The similarity judgment of terminal binary files can be realized based on dynamic analysis or static analysis, and each method has its own advantages and disadvantages. Static analysis does not need to debug samples, and directly analyzes the binary file content. It has high efficiency and comprehensive coverage of file branches, but has low anti-confusion ability and cannot cope with scenarios such as packing. Dynamic analysis is based on the behavior of the sample after running it in sandbox, with high accuracy and strong anti-confusion ability, but low running efficiency and incomplete file branch coverage will also lead to false positives. At present, the combination of static and dynamic analysis is generally adopted, and the mainstream detection mode is static way.

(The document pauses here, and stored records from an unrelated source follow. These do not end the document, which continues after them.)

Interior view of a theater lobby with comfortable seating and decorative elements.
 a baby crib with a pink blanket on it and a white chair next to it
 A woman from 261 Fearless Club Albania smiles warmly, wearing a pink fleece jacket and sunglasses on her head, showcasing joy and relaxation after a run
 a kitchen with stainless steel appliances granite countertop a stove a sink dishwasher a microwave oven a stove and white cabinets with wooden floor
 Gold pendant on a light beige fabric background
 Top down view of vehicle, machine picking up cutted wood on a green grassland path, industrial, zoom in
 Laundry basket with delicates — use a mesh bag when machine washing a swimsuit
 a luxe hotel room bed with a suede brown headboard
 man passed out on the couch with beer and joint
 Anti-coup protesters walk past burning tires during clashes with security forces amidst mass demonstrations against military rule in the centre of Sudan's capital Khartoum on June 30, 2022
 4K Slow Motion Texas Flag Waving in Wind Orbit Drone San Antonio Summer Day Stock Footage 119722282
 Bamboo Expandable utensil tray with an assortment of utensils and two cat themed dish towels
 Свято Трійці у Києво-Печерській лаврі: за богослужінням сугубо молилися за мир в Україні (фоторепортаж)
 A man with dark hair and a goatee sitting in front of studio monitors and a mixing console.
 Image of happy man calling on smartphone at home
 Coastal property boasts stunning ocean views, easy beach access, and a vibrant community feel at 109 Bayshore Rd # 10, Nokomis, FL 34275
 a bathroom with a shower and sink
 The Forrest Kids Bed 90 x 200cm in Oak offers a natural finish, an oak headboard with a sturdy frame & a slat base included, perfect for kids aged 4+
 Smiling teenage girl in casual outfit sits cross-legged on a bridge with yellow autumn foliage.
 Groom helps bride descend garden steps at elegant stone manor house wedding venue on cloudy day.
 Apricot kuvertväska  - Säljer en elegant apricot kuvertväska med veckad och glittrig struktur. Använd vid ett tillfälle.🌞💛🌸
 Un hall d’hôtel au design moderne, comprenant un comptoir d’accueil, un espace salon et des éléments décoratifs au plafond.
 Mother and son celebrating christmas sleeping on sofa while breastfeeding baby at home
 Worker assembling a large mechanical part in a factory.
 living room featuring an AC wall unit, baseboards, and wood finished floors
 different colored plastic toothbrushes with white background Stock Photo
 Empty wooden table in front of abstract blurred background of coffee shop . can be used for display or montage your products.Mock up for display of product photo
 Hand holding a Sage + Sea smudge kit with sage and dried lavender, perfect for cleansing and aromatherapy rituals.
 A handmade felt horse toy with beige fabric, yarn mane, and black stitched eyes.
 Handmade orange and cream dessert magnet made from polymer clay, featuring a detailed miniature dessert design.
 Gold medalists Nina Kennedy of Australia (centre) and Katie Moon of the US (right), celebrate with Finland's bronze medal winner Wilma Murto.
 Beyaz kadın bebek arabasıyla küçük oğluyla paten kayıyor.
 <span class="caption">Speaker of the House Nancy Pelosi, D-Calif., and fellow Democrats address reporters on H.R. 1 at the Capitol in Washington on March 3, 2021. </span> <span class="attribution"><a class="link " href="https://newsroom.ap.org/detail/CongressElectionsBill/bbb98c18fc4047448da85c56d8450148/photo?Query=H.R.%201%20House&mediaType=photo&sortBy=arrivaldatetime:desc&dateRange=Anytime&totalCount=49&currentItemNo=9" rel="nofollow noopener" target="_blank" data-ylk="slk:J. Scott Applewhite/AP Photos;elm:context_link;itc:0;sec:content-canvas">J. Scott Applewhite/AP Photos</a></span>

Judging the similarity of binary files based on static analysis, the traditional method is to directly compare the similarity of two binary files, and the accuracy of the judgment result is low. Take the well-known fuzzy hashing project ssdeep as an example. It treats binary files as binary character streams for fuzzy hash calculation, and does not distinguish whether a byte is an operator (such as JMP instruction) or an immediate value (such as the target address of JMP). In fact, the execution code segment in the binary file is composed of operators and operands. As long as the sequence of operators is similar, the two files should be regarded as similar, and the immediate value should not affect the judgment result. Even if the source code is exactly the same, the binary files generated by compiler will have large differences in different processor architectures, compiler versions, and compilation options, especially in terms of immediate values. The characteristics of these binary files will have a negative impact on the traditional fuzzy hash-based file similarity judgment.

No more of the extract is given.